### Work task
Starting with the line that contains "welder at work" and stopping after the line that contains "Tenmido Nattokinase Supplement", return each line below exactly as written, with no others.

### Record excerpts

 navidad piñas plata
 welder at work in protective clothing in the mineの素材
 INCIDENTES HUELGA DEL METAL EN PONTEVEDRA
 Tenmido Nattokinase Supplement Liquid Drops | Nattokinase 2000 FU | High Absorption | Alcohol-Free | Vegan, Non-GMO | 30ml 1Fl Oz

---

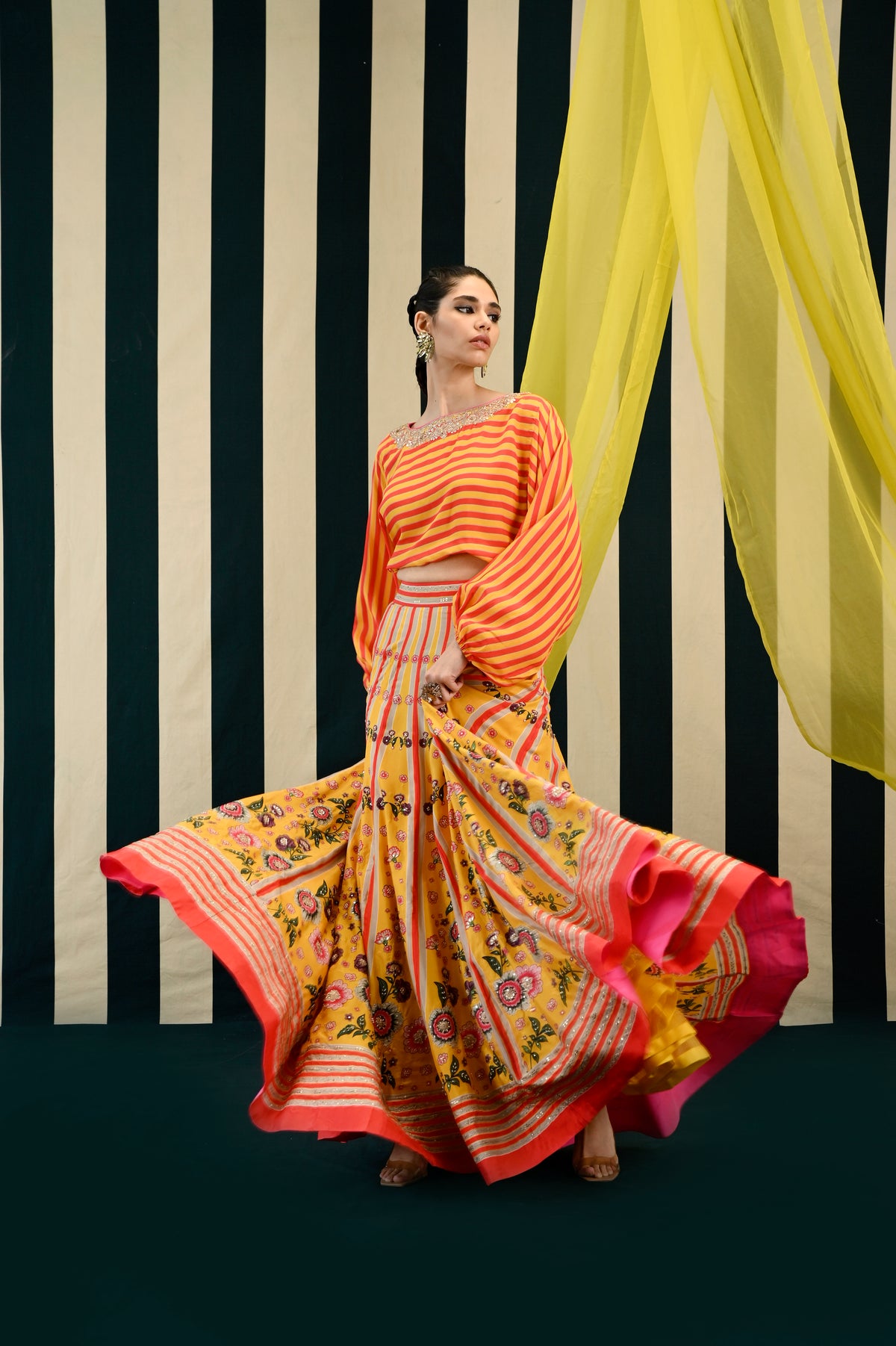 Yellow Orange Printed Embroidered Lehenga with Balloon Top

==

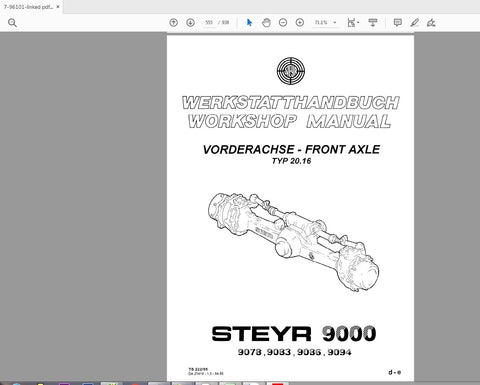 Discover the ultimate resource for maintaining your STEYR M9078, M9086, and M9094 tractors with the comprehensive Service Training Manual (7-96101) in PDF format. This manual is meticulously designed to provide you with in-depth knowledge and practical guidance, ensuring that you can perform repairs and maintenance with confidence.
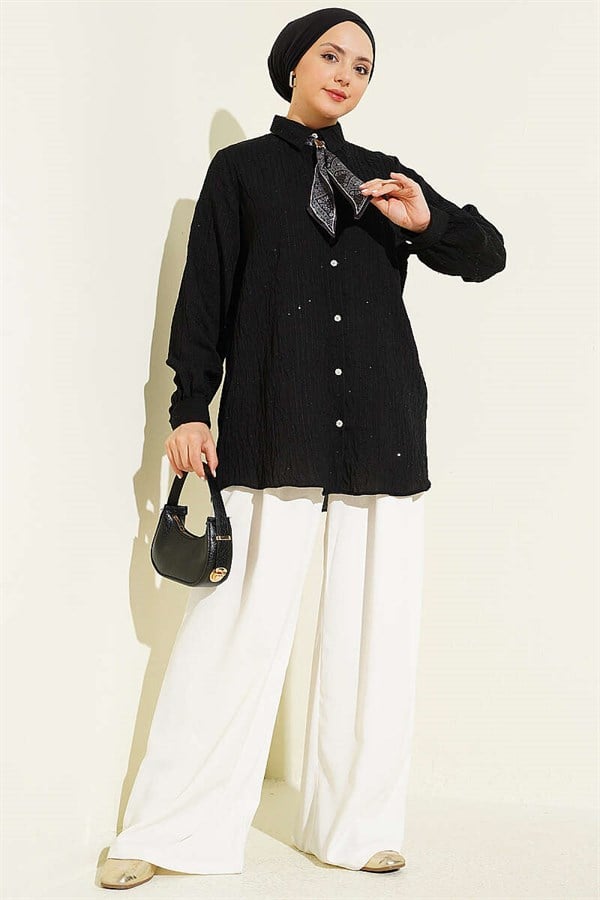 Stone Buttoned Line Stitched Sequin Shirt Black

### Answer box
 welder at work in protective clothing in the mineの素材
 INCIDENTES HUELGA DEL METAL EN PONTEVEDRA
 Tenmido Nattokinase Supplement Liquid Drops | Nattokinase 2000 FU | High Absorption | Alcohol-Free | Vegan, Non-GMO | 30ml 1Fl Oz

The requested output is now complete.